## Directions
A word-for-word copy of the data, pictures excluded, is what this task asks for.
*** Input for this task Section Begins ***
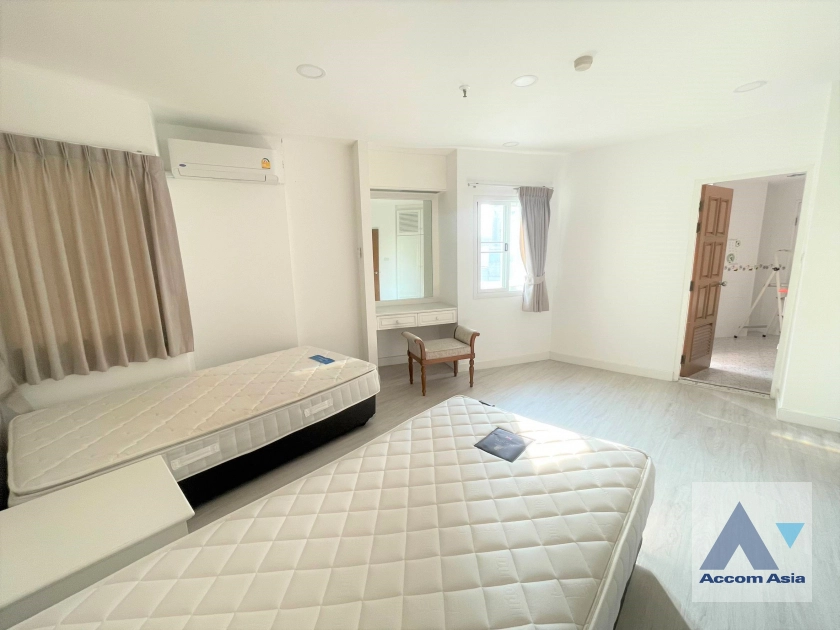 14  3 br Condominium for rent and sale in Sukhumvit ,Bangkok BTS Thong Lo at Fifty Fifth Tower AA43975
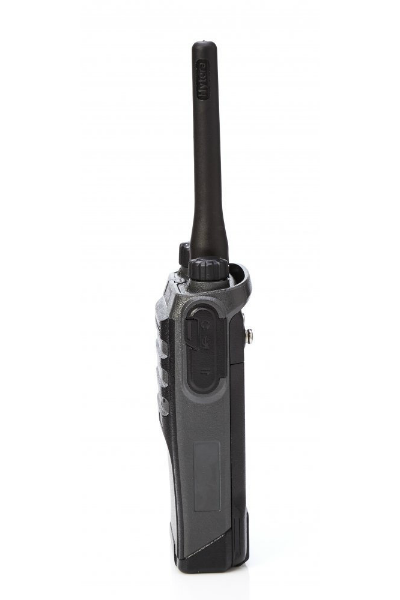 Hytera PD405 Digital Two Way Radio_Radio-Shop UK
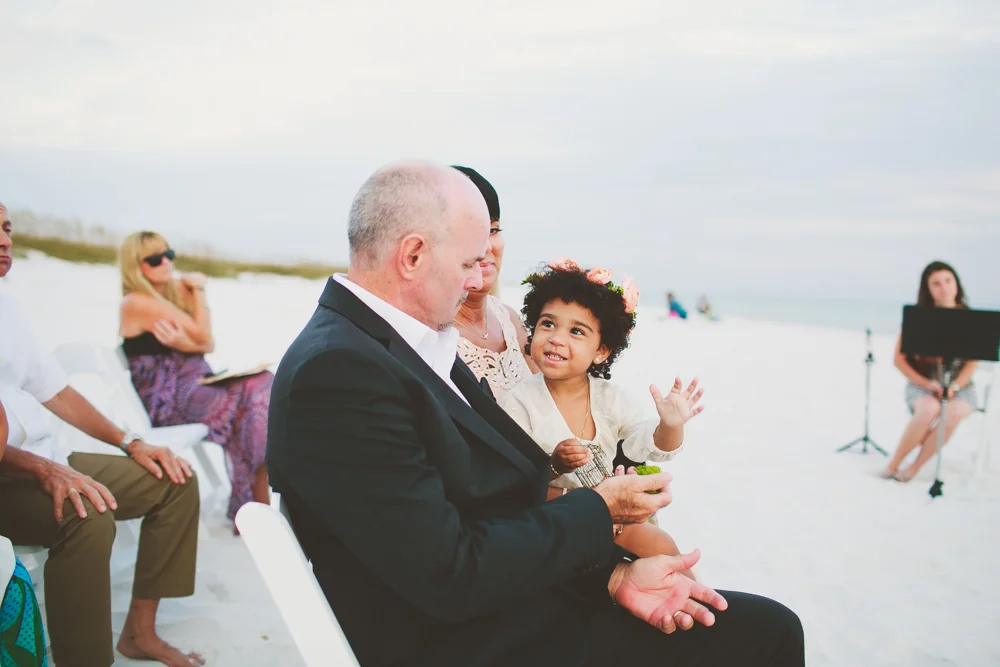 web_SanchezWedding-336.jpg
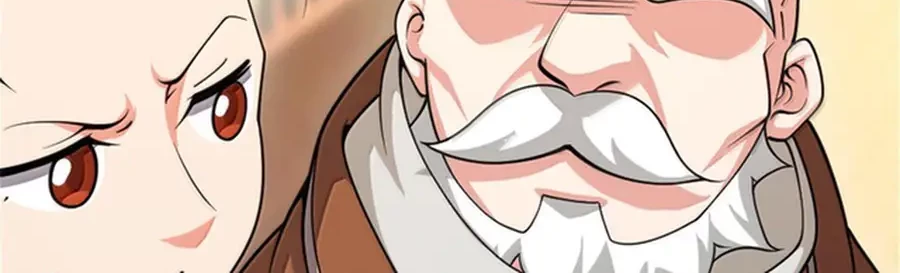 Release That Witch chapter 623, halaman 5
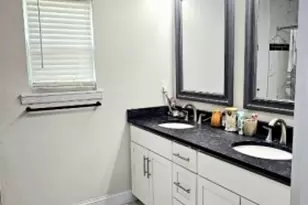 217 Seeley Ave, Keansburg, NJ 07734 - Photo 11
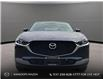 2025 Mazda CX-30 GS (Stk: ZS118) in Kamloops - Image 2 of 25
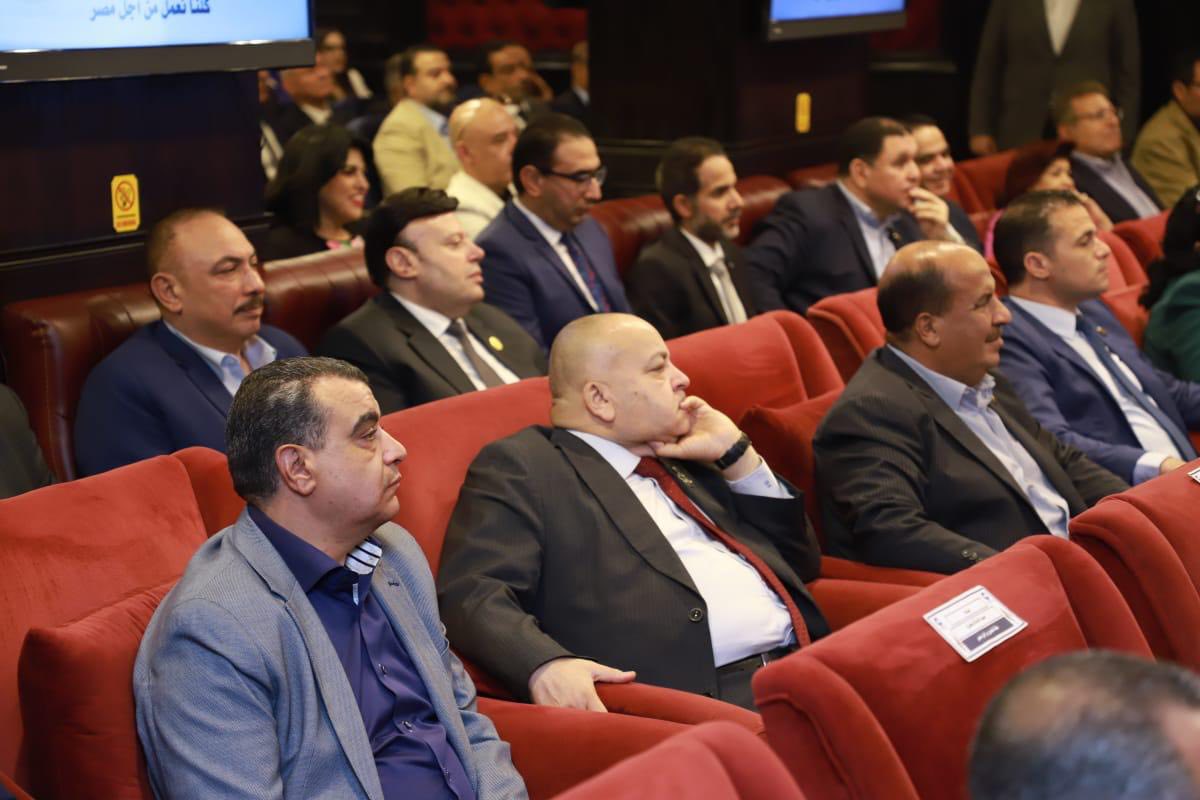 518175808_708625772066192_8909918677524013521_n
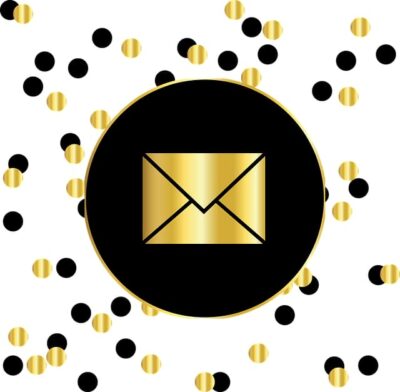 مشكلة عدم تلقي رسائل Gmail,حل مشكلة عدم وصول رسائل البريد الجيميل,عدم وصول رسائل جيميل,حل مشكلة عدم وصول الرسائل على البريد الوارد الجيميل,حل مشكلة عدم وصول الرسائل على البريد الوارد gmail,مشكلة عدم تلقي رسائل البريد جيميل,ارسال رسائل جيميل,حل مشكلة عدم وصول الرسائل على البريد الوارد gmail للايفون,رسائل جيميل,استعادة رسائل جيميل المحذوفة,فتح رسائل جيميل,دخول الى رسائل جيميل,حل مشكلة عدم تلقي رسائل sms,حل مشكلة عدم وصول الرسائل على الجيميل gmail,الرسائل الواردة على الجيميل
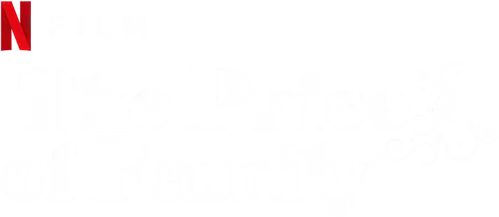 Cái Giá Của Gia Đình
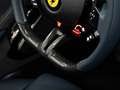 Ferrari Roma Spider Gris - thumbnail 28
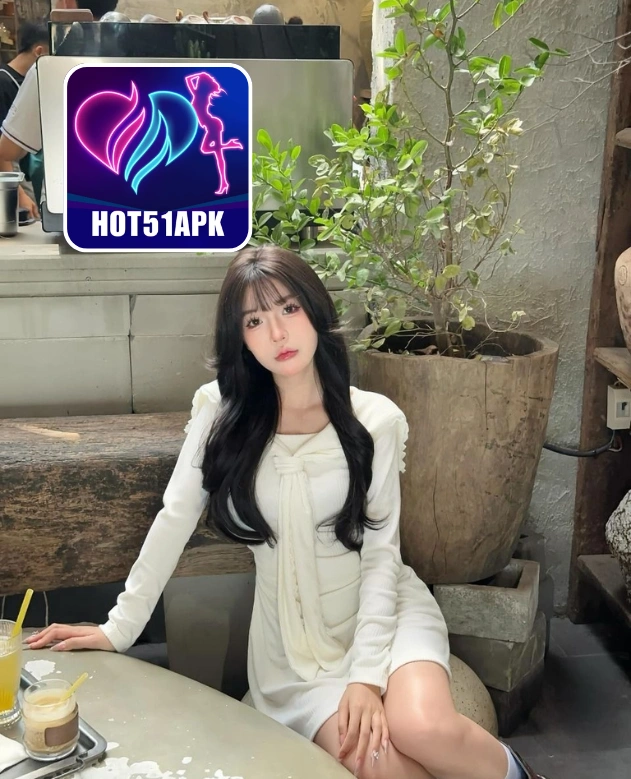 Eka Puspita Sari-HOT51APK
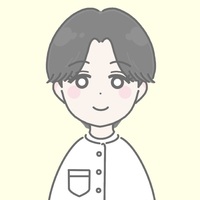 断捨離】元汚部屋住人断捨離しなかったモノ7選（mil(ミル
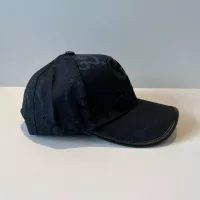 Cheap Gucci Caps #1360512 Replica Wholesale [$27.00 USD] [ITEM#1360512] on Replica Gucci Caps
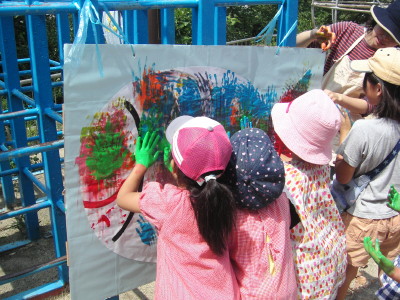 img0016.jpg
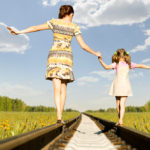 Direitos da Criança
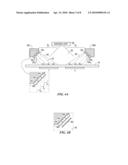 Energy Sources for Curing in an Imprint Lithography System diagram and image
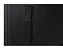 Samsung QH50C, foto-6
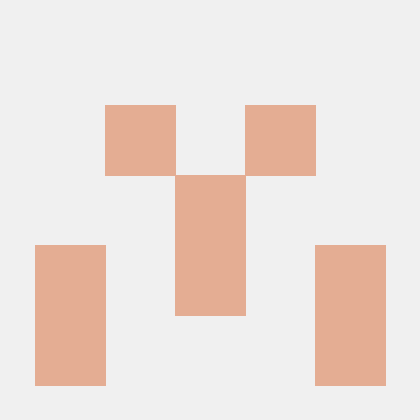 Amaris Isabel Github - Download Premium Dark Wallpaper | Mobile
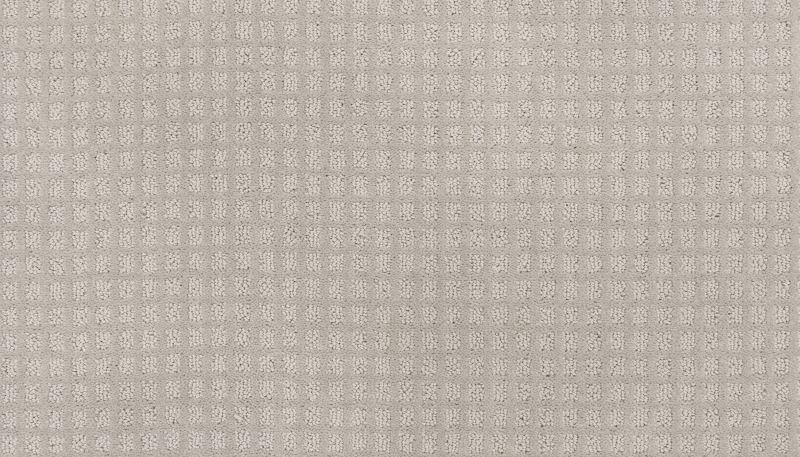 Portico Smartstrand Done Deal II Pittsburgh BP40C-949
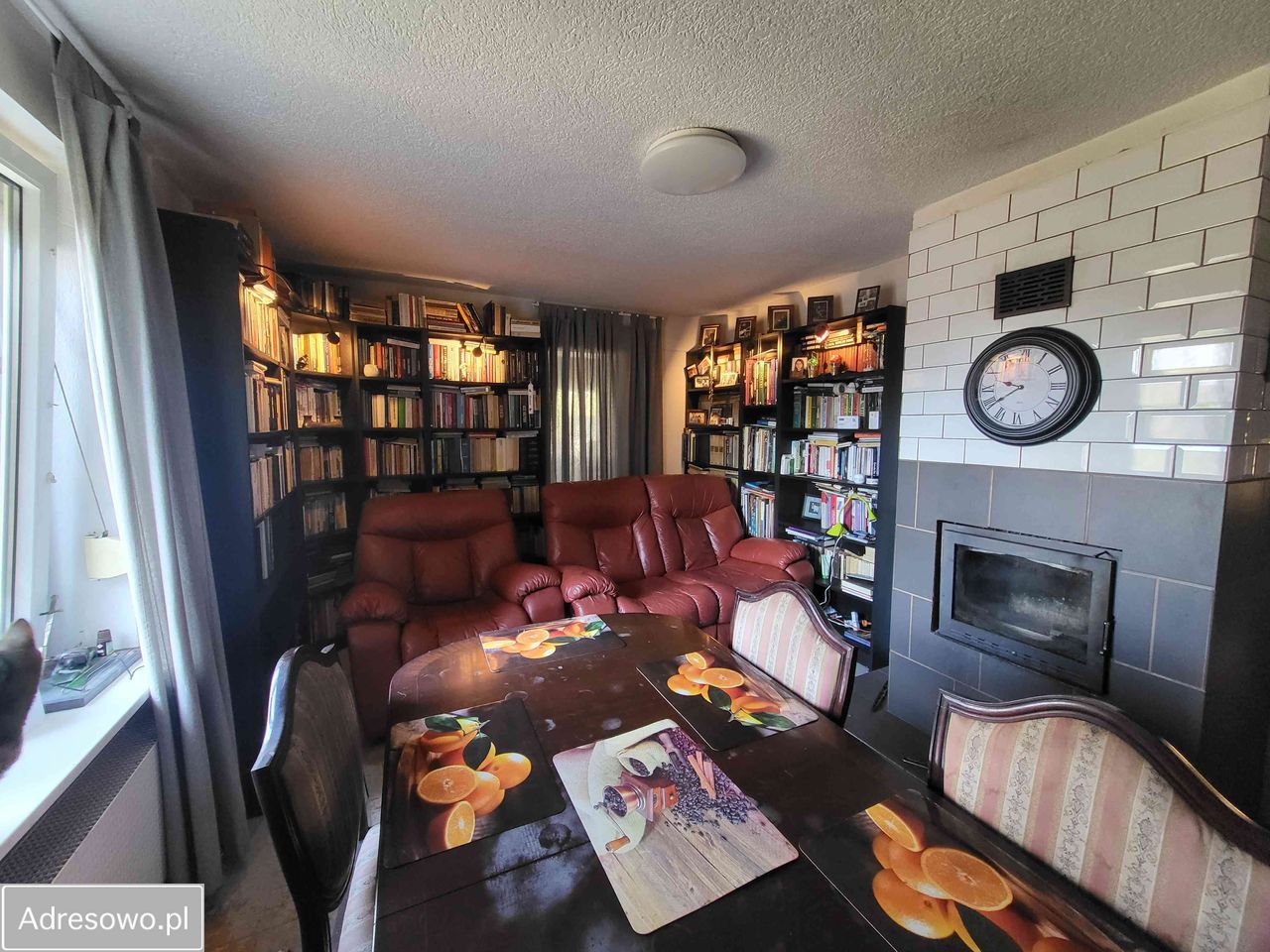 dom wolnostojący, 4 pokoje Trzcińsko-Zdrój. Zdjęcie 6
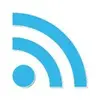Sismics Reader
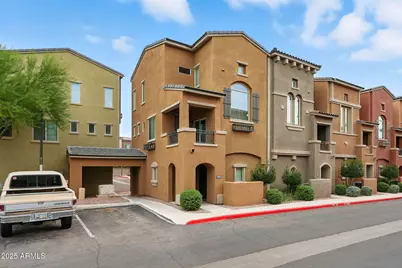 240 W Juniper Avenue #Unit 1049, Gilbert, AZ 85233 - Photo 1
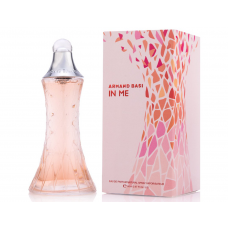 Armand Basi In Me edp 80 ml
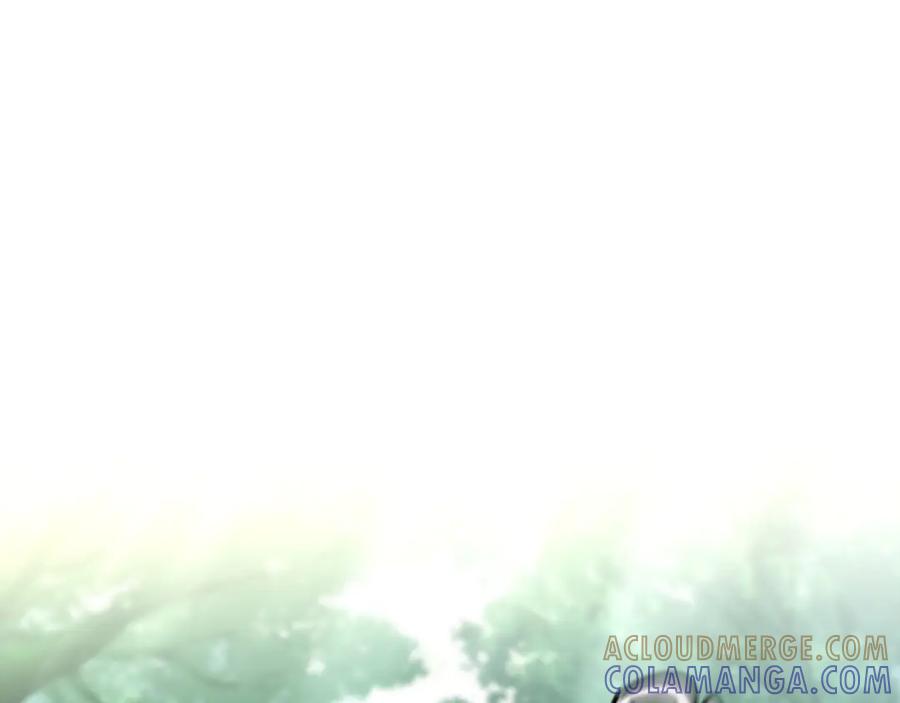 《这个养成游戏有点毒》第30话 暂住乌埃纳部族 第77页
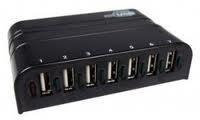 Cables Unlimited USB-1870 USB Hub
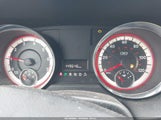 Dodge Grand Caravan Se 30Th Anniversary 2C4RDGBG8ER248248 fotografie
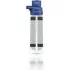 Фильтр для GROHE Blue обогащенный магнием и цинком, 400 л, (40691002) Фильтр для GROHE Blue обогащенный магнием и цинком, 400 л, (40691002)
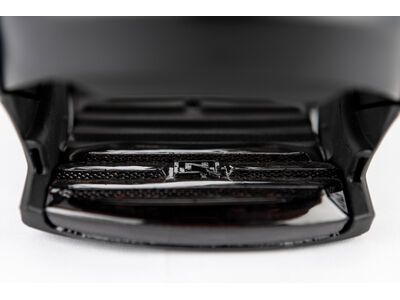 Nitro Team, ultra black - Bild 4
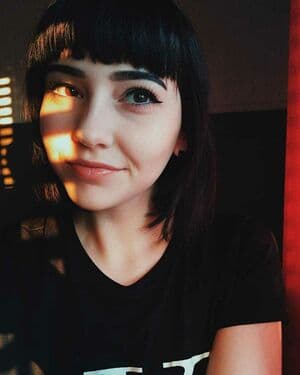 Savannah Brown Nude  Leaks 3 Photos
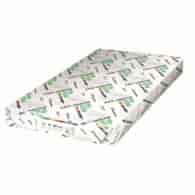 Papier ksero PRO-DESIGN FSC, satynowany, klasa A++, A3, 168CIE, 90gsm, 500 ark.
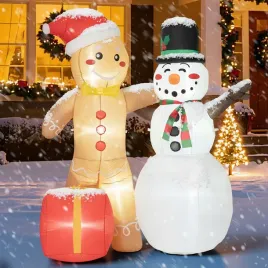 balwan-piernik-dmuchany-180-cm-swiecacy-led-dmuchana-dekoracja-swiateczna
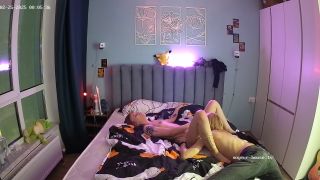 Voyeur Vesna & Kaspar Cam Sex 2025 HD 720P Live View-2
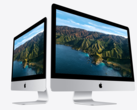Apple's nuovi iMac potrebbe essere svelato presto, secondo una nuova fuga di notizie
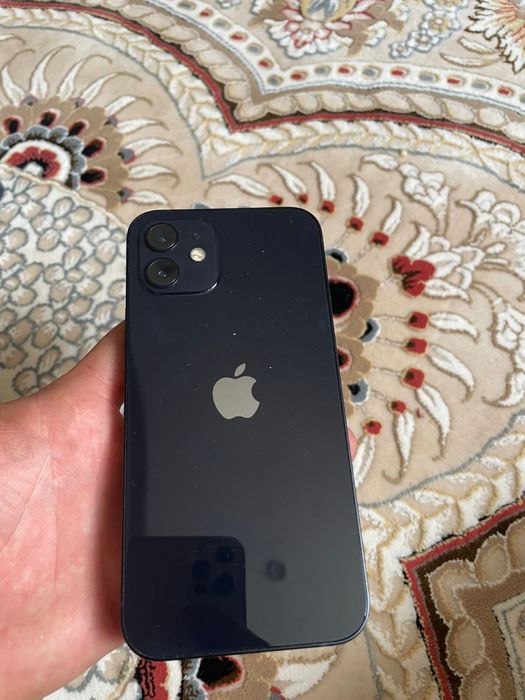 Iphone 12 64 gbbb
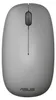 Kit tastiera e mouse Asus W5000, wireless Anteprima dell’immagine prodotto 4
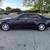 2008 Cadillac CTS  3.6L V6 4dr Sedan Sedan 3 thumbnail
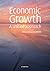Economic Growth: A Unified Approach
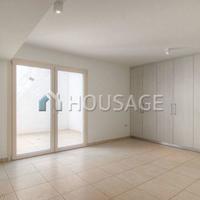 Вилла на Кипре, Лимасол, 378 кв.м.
*** Input for this task Section Ends ***
## Answer section
 14  3 br Condominium for rent and sale in Sukhumvit ,Bangkok BTS Thong Lo at Fifty Fifth Tower AA43975
 Hytera PD405 Digital Two Way Radio_Radio-Shop UK
 web_SanchezWedding-336.jpg
 Release That Witch chapter 623, halaman 5
 217 Seeley Ave, Keansburg, NJ 07734 - Photo 11
 2025 Mazda CX-30 GS (Stk: ZS118) in Kamloops - Image 2 of 25
 518175808_708625772066192_8909918677524013521_n
 مشكلة عدم تلقي رسائل Gmail,حل مشكلة عدم وصول رسائل البريد الجيميل,عدم وصول رسائل جيميل,حل مشكلة عدم وصول الرسائل على البريد الوارد الجيميل,حل مشكلة عدم وصول الرسائل على البريد الوارد gmail,مشكلة عدم تلقي رسائل البريد جيميل,ارسال رسائل جيميل,حل مشكلة عدم وصول الرسائل على البريد الوارد gmail للايفون,رسائل جيميل,استعادة رسائل جيميل المحذوفة,فتح رسائل جيميل,دخول الى رسائل جيميل,حل مشكلة عدم تلقي رسائل sms,حل مشكلة عدم وصول الرسائل على الجيميل gmail,الرسائل الواردة على الجيميل
 Cái Giá Của Gia Đình
 Ferrari Roma Spider Gris - thumbnail 28
 Eka Puspita Sari-HOT51APK
 断捨離】元汚部屋住人断捨離しなかったモノ7選（mil(ミル
 Cheap Gucci Caps #1360512 Replica Wholesale [$27.00 USD] [ITEM#1360512] on Replica Gucci Caps
 img0016.jpg
 Direitos da Criança
 Energy Sources for Curing in an Imprint Lithography System diagram and image
 Samsung QH50C, foto-6
 Amaris Isabel Github - Download Premium Dark Wallpaper | Mobile
 Portico Smartstrand Done Deal II Pittsburgh BP40C-949
 dom wolnostojący, 4 pokoje Trzcińsko-Zdrój. Zdjęcie 6
Sismics Reader
 240 W Juniper Avenue #Unit 1049, Gilbert, AZ 85233 - Photo 1
 Armand Basi In Me edp 80 ml
 《这个养成游戏有点毒》第30话 暂住乌埃纳部族 第77页
 Cables Unlimited USB-1870 USB Hub
 Dodge Grand Caravan Se 30Th Anniversary 2C4RDGBG8ER248248 fotografie
 Фильтр для GROHE Blue обогащенный магнием и цинком, 400 л, (40691002) Фильтр для GROHE Blue обогащенный магнием и цинком, 400 л, (40691002)
 Nitro Team, ultra black - Bild 4
 Savannah Brown Nude  Leaks 3 Photos
 Papier ksero PRO-DESIGN FSC, satynowany, klasa A++, A3, 168CIE, 90gsm, 500 ark.
 balwan-piernik-dmuchany-180-cm-swiecacy-led-dmuchana-dekoracja-swiateczna
 Voyeur Vesna & Kaspar Cam Sex 2025 HD 720P Live View-2
Apple's nuovi iMac potrebbe essere svelato presto, secondo una nuova fuga di notizie
 Iphone 12 64 gbbb
 Kit tastiera e mouse Asus W5000, wireless Anteprima dell’immagine prodotto 4
 2008 Cadillac CTS  3.6L V6 4dr Sedan Sedan 3 thumbnail
Economic Growth: A Unified Approach
 Вилла на Кипре, Лимасол, 378 кв.м.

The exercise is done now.